Task statement: In the following material, identify every line holding the string "Silver" and return it.

Data shown:
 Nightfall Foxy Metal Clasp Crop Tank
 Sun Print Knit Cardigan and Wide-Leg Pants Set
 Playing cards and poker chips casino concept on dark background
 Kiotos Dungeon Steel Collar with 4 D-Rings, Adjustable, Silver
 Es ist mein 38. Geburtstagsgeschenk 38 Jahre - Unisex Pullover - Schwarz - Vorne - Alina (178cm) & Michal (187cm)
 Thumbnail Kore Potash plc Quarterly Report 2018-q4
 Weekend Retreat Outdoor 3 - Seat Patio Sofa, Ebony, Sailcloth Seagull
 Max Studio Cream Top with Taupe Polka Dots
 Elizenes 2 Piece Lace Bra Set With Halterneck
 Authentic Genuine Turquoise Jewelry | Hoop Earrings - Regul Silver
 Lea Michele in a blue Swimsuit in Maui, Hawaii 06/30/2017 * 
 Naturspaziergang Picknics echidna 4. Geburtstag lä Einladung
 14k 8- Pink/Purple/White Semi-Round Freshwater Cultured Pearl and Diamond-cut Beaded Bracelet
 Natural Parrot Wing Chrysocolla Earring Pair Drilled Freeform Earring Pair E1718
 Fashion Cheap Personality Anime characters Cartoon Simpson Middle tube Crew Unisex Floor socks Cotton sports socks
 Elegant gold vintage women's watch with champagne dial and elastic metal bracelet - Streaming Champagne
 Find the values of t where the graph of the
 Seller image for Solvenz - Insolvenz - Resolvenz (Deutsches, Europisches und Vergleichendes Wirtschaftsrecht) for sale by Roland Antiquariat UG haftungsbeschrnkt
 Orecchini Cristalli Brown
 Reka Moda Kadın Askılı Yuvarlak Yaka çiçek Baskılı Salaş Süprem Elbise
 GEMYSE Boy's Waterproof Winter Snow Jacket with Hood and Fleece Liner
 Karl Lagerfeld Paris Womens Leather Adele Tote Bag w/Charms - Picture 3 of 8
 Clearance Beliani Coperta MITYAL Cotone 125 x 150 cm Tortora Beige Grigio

Expected output:
 Kiotos Dungeon Steel Collar with 4 D-Rings, Adjustable, Silver
 Authentic Genuine Turquoise Jewelry | Hoop Earrings - Regul Silver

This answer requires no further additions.